Exercise instructions — After locating "two grilled sandwiches" in the listing below, copy that line and each one after it exactly, ending with the line that has "Groom becomes emotional".

Source material —
_____

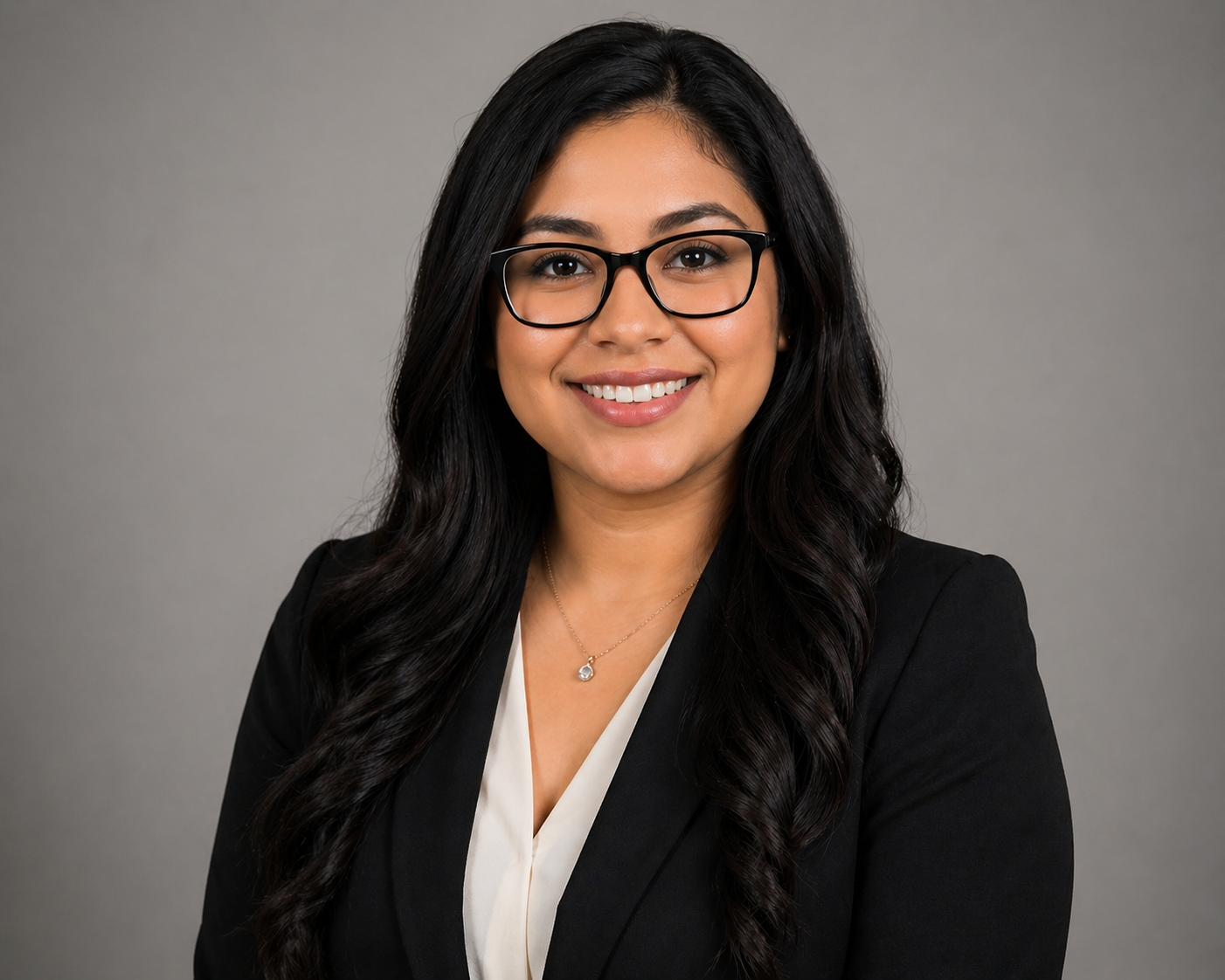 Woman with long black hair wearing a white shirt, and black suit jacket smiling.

_____

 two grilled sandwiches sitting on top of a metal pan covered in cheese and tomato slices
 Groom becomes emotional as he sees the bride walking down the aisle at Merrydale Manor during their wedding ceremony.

_____

Result for this exercise —
 two grilled sandwiches sitting on top of a metal pan covered in cheese and tomato slices
 Groom becomes emotional as he sees the bride walking down the aisle at Merrydale Manor during their wedding ceremony.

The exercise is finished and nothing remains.